Возможно, генерал Корнилов хотел как лучше. Но получилось — как всегда. Очевидно было тогда, и тем более очевидно сейчас, что его попытка «спасти Россию» не просто провалилась, она не могла не провалиться. В других случаях Солженицын выстраивает длинные цепочки отдаленных последствий тех или иных действий (от выстрелов Богрова — аж до Бабьего яра!), но тут он застывает над пропастью, в которую повалилась Россия из-за корниловщины и вслед за корниловщиной. Хотя губительные последствия обнаружились сразу и непосредственно.

Не забудем: с возвращением Ленина в Россию большевики быстро набирали очки, но их выступление в июле 1917 было подавлено. Общественное мнение отшатнулось от них. Ленин и Зиновьев, дискредитированные вскрывшимися связями с германским генштабом, прятались в Разливе.[498] Другие большевистские лидеры, включая только что приставшего к ним Троцкого, арестованы, сидят в «Крестах». Опасность большевистского переворота, столь реальная еще полтора месяца назад, отпала. При всей шаткости Временного правительства появилась реальная возможность дотянуть до Учредительного Собрания и благополучно передать ему власть. Тут-то и показал свой норов генерал-казак. Сила есть — ума не надо. Своим провальным «переворотом» Корнилов прорубил окно прямо к штурму Зимнего дворца.

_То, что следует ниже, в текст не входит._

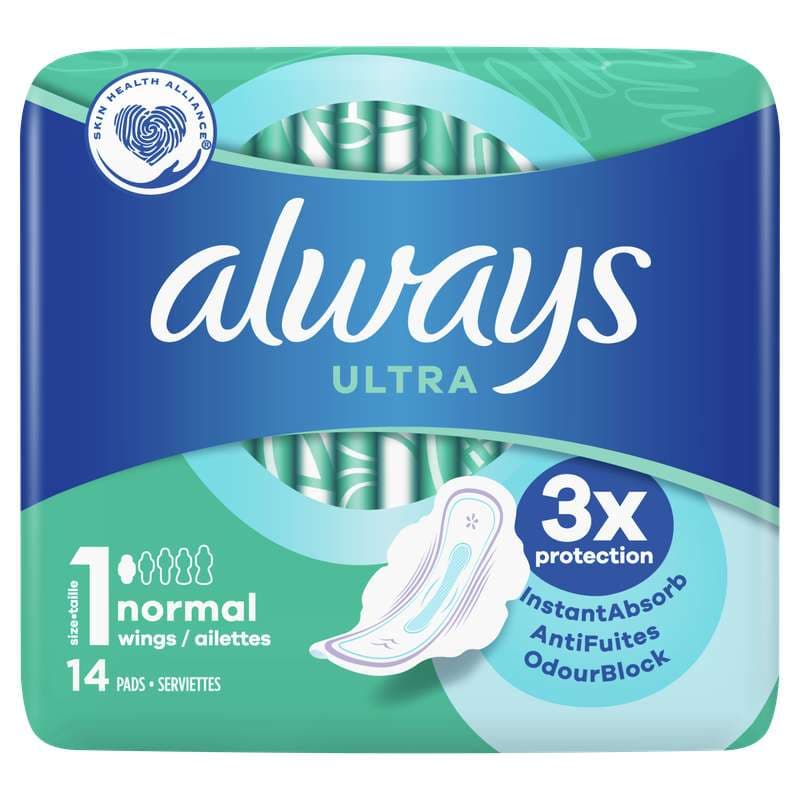 نوار بهداشتی اولترا آلویز always Ultra سایز 1 بسته 14 عددی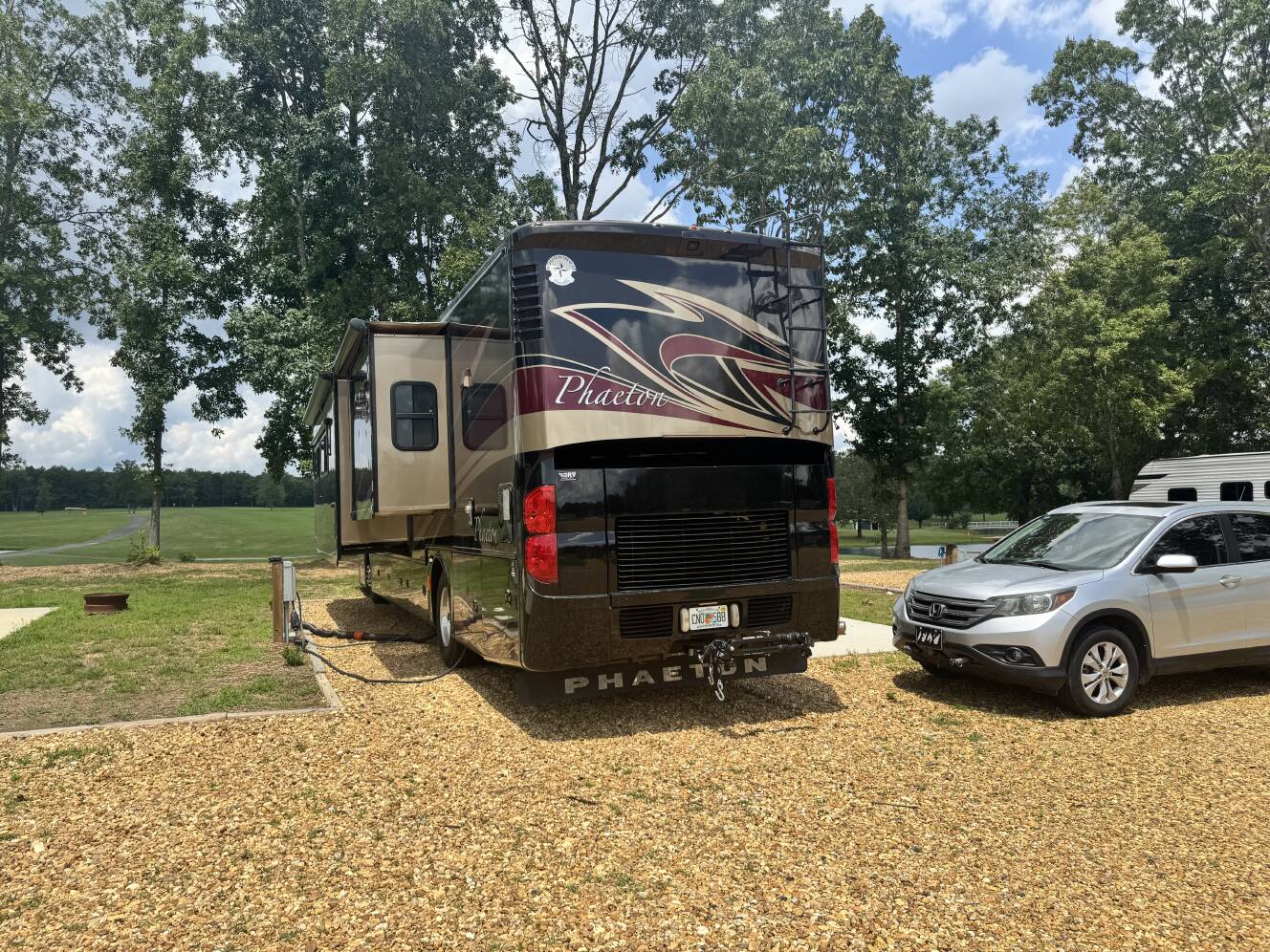 A photo of this 2013 Tiffin Motorhomes Phaeton 40 QBH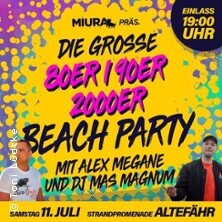 80er/90er/2000er - Beachparty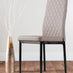Carson White Marble Effect Dining Table & 4 Cappuccino Milan Black Leg Chairs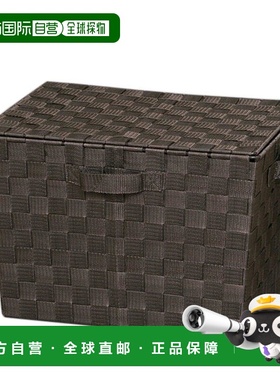 【日本直邮】爱丽丝彩色置物篮38×26×26cm棕色 CBK-38DT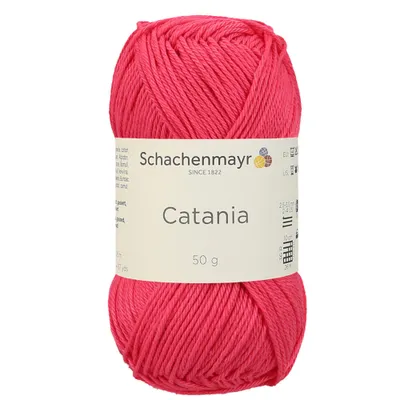 Image de Schachenmayr Catania, 50g de fils à tricoter main framboise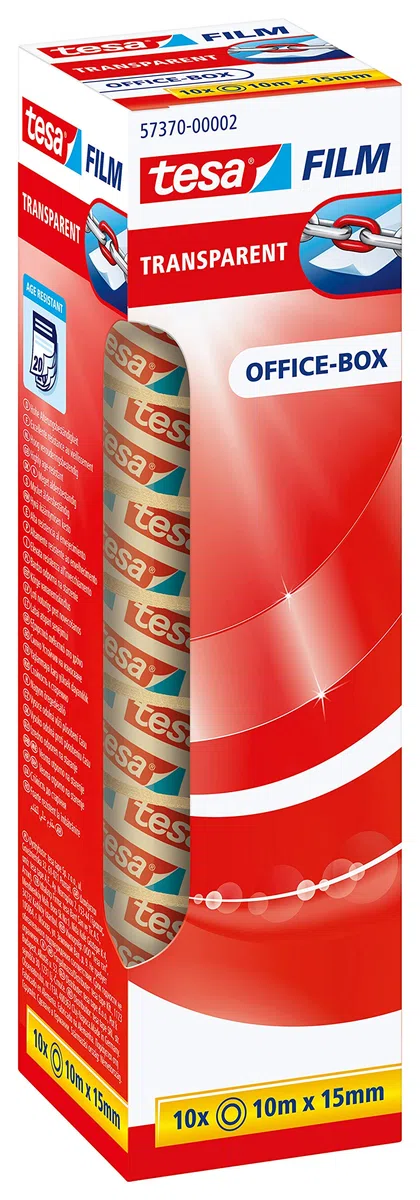 tesa film 57370 transparent, 10m x 15mm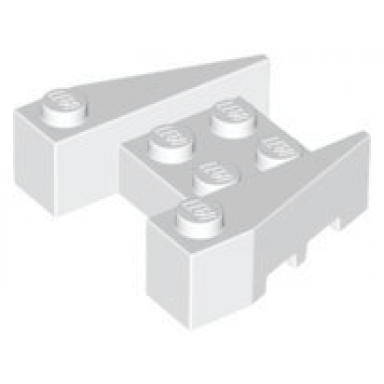 white wedge 3 1 2 x 4 with stud notches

Временное правительство «вынуждено было тотчас обратиться к большевикам и Красной гвардии — наспех сколоченным отрядам вооруженных рабочих, придуманных большевиками. В тот самый момент, когда большевистские вожди были в тюрьме или в подполье из-за обвинений в связях с немцами, красногвардейцам раздавали винтовки, а Керенский призывал кронштадтских матросов — самые разнузданные элементы большевистского лагеря и главных защитников Июльских дней — скорее выступить на защиту Временного правительства. Тюремное заключение „немецкого агента“ Троцкого приобрело поистине фарсовый характер: в самый разгар следствия его посетила делегация кронштадтских матросов, чтобы спросить совета — защищать ли им Керенского, остановив Корнилова, или прикончить их обоих».[499]